“La libertad es el perfume que se respira en las calles de Madrid.” Con esta frase, Mario Vargas Llosa, eterno caminante de las letras y del mundo, sintetizaba su amor por una ciudad que no sólo lo acogió, sino que también lo inspiró y lo moldeó. Madrid no fue un simple escenario en la vida del Nobel de Literatura; fue el lugar donde decidió que no sería abogado, sino escritor. Donde la vida, las letras y la libertad se entrelazaron hasta convertirse en hogar.
'El Jute', el bar donde comenzó a escribir
El primer encuentro entre Vargas Llosa y Madrid se dio en 1958. Con apenas 22 años y una beca para cursar el doctorado en la Universidad Complutense, llegó a una ciudad todavía encerrada en sí misma, provinciana. Pero también encontró algo más: una atmósfera literaria vibrante, donde aún era posible seguir los pasos de Pío Baroja o de Pérez Galdós por las aceras.
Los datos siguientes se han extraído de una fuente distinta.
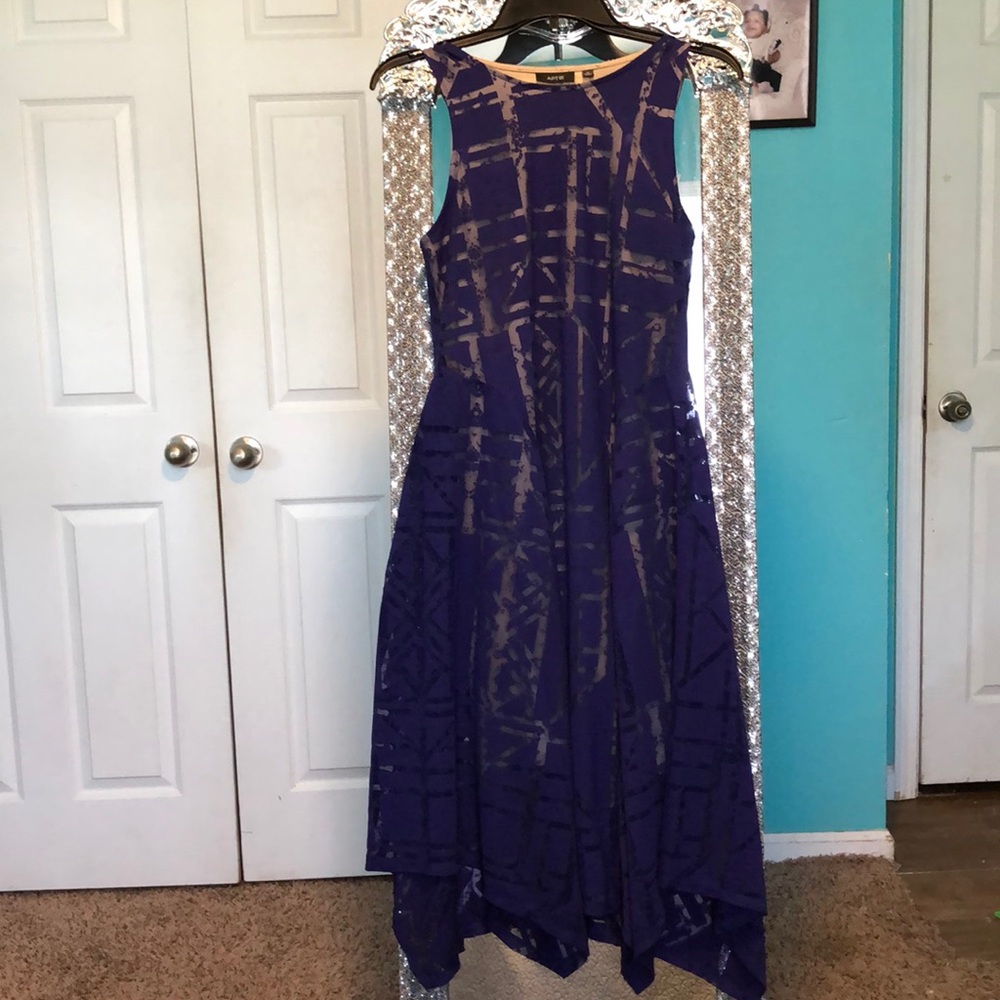 Navy blue mini/midi dress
Allí, en un bar modesto de la calle Doctor Castelo, 'el Jute', empezó a escribir la primera versión de La ciudad y los perros. Fue también en Madrid donde decidió que no regresaría a Perú a ejercer leyes, sino que se entregaría a la literatura. Aquella decisión, tomada entre cafés y libros, marcaría para siempre el rumbo de su vida.
Su piso en el Madrid de los Austrias
Años después, tras largas estancias en París, Londres y Barcelona, Vargas Llosa regresaría a la capital española ya convertido en una figura del boom latinoamericano. Pero fue en los años 2000 cuando se instaló definitivamente en Madrid, en un piso del Madrid de los Austrias, cerca de la Ópera, con estanterías abarrotadas de libros, una terraza que daba a los tejados antiguos, y un escritorio desde el que observaba la ciudad mientras escribía. Esa casa, ubicada en un edificio histórico de finales del siglo XIX, se convirtió en su refugio, en su observatorio, en su taller de creación.
Del Parque del Oeste al Templo de Debod
Su rutina en Madrid era serena, pero llena de placeres sencillos: caminatas por el Parque del Oeste hasta el Templo de Debod, visitas a librerías exquisitas del centro, tardes en cafés con veladores de mármol, cenas en restaurantes peruanos y españoles, y algún que otro partido del Real Madrid, equipo al que seguía con fervor. “He pasado a ser un madrileño más”, decía, convencido de que Madrid, como pocas ciudades en el mundo, sabía acoger sin preguntar de dónde se viene. En su opinión, ningún extranjero se sentía extranjero en sus calles, algo que él, como latinoamericano, valoraba profundamente.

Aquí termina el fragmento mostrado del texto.